Fundamentally, optics are devices that control and direct light. Conventional optics such as lenses and mirrors are typically composed of flat, spherical or other symmetric shapes. Freeform optics contain more complex non-symmetrical shapes, and allow optical designers more degrees of freedom to improve the optical performance and reduce the size of optical systems.
The desk lamp project allowed for efficient tuning of the lamp’s light, from a small bright illuminated area to a larger illuminated area with a dimmer but uniform light. While the project had practical results, its deeper purpose was to serve as a conceptual example of the design process and its potential for other applications.
“The most interesting thing about this project is that it includes all three aspects of design, manufacturing, and testing of illumination systems,” Shadalou said. “Using the novel concept of freeform in following the idea and working towards realization as a final product was appealing to me. I became familiar with this field working with my mentor, Dr. Thomas Suleski, through a Center for Freeform Optics project.”
The Center for Freeform Optics, housed at UNC Charlotte and the University of Rochester, is focused on transforming the optics industry through freeform optics, with funding from the National Science Foundation and support from industry.
Shadalou and Suleski are collaborating with Dr. Matthew Davies and a student team in the Mechanical Engineering and Engineering Science Department to build a prototype of her design.
“I worked in industry for a number of years before becoming a professor,” Suleski said. “So it’s always in the back of my mind, with the research that we do, that while something might be a wild idea, it can be a wild idea with a payoff down the road. I really enjoy seeing projects like this come to fruition, something that hasn’t been done before and could be very useful.”
Industry collaborators with the Center for Freeform Optics also have shown excitement about the potential for the research, said Suleski, who is director of the UNC Charlotte CeFO site.
“I am so impressed by what Shohreh has done. This award is a big deal. Seeing our students perform and being recognized at this level is significant. The optics program at UNC Charlotte is relatively young in the field, and we’re performing at the level with programs that have been around much longer. We’re in that conversation now.”
— Dr. Thomas Suleski
Before pursuing her doctoral degree, Shadalou earned a master’s degree in mechanical engineering from UNC Charlotte. Here’s a bit more about the project, as described by Shadalou.
Q. Can you describe the underlying concepts involved?
Most of the time when people think about optics they are thinking of imaging. A camera system is a representative example. A lens (or group of lenses) is used to form and capture an image of an object on film or another sensor. High quality images will be precise, crisp, and clear, which drives very specific requirements on the shape and quality of the lenses or mirrors that are used.

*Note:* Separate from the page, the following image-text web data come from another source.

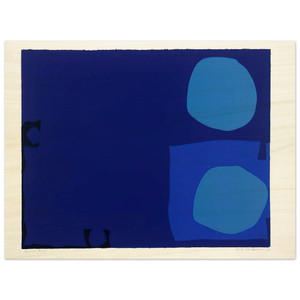 Patrick Heron  Four Blues Two Discs  1970 Wood Print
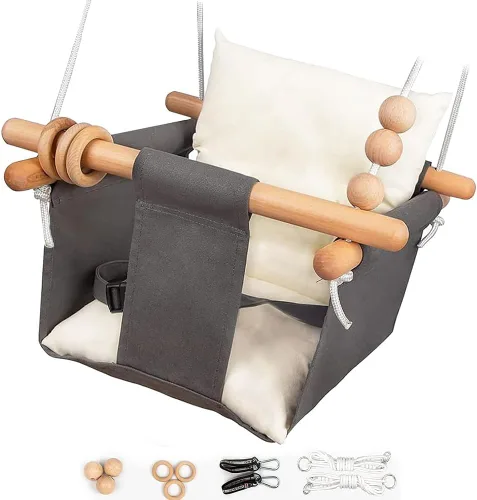 Miniatura 7 de Columpio para Bebé Interior y Exterior Asiento de Columpio para Niños Pequeños con Cinturón de Seguridad, Columpios Colgantes de Lona Exterior Crema
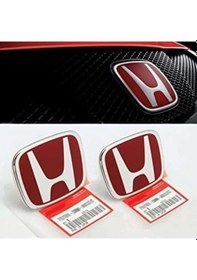 Resim Autogp Honda Civic Uyumlu Panjur Ve Bagaj Logosu Arması Kırmızı Takım 2li Set 2002 / 2006 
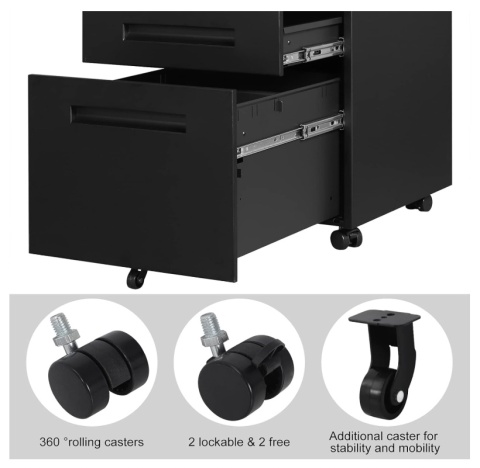 Kontener na Kółkach WOLTU Metalowy Czarny – Zamykany, 3 Szuflady, Gotowy do Użycia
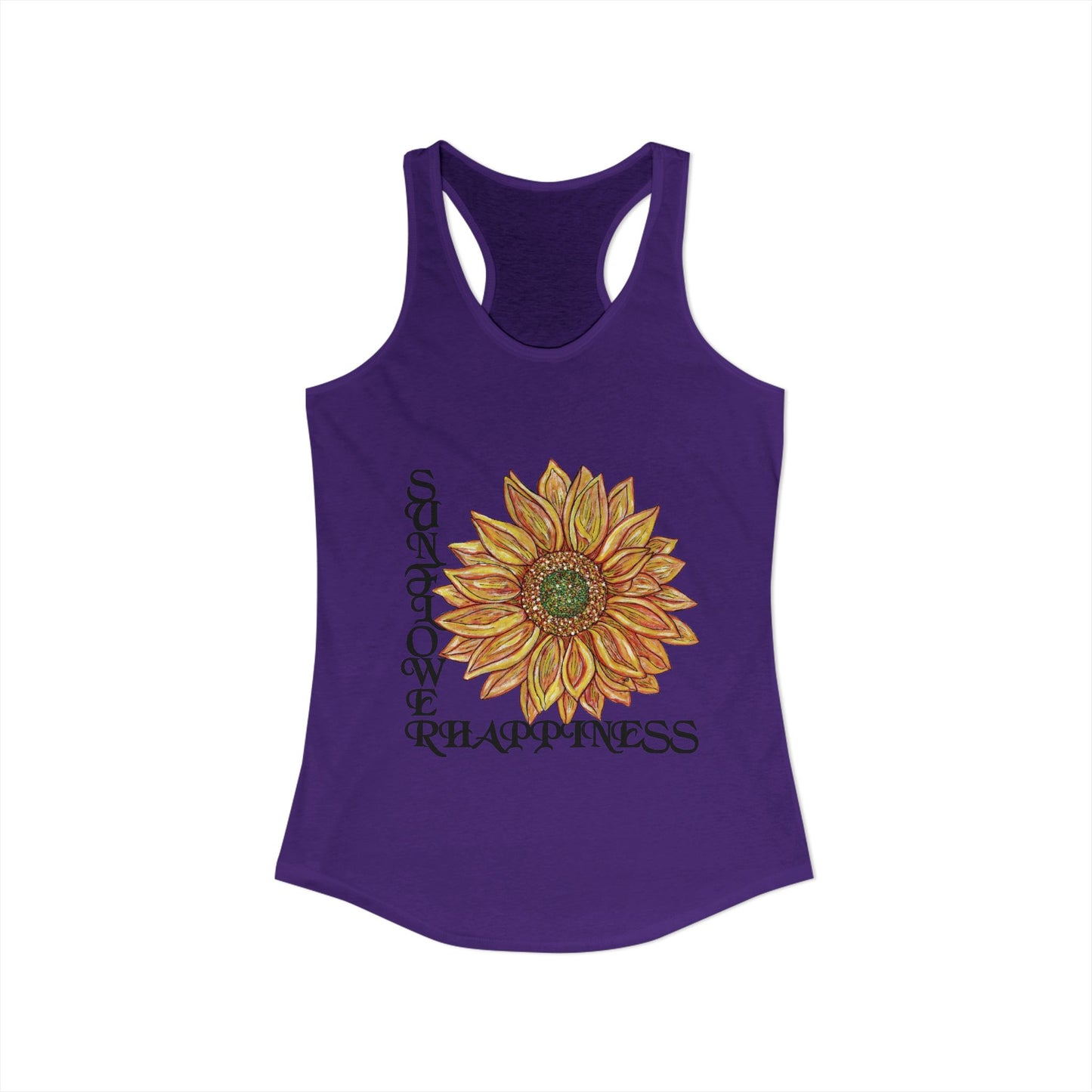 Sunflower and Happiness Women's Ideal Racerback Tank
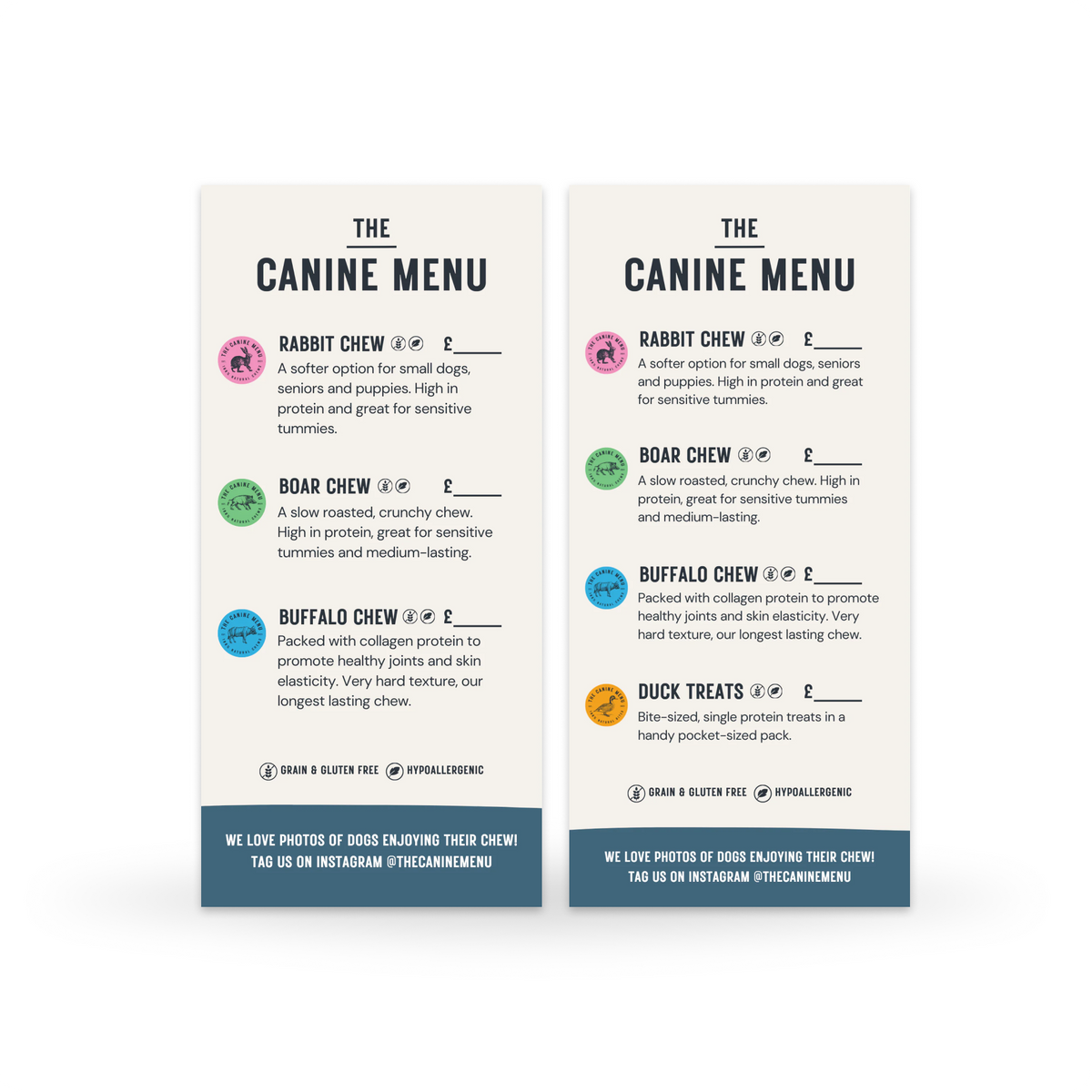 Pet Menu Options Menus (pack of 25) – The Canine Menu UK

Eyeglasses, contact lenses, microscopes and telescopes are other common examples of imaging optics and systems. For almost the entire over 1000-year history of imaging optics, such components have had radial symmetry around a central axis, largely because such surface shapes are easier to analyze, design, fabricate, and measure.
More recently, advances in computer aided design, computer numerically controlled manufacturing, and advances in measurement have enabled creation of freeform optics, which, simply put, are optical components that do not possess or require radial symmetry.
Relaxing the requirement for symmetry enables revolutionary improvements in imaging performance and order-of-magnitude reductions in system size, but places significant challenges and requirements on the accuracy of the freeform surface shapes themselves.
In contrast to imaging optics, illumination optics are intended to transfer light from a source to a target without the particular requirements or precision necessary for imaging. In many cases, an illumination system is intended to take a very non-uniform source of light and ‘transform’ it into a uniform light pattern with a particular shape or angular distribution.
Design procedures for illumination optics are complex and very different from standard processes for imaging optics. Optical components for illumination typically have looser tolerances on shape accuracy and smoothness than imaging optics, but can also have radically freeform shapes.
Simple examples include automotive headlights, television backlights, luminaires for room lighting, shaped mirrors for sunlight concentration in solar energy, and light-shaping elements for laser manufacturing.
Q. How have you prepared for this research project, and what have you learned from doing it?
My varied classes and experiences have prepared me for this design competition, which, in turn, has given me an opportunity to learn more about design and software tools.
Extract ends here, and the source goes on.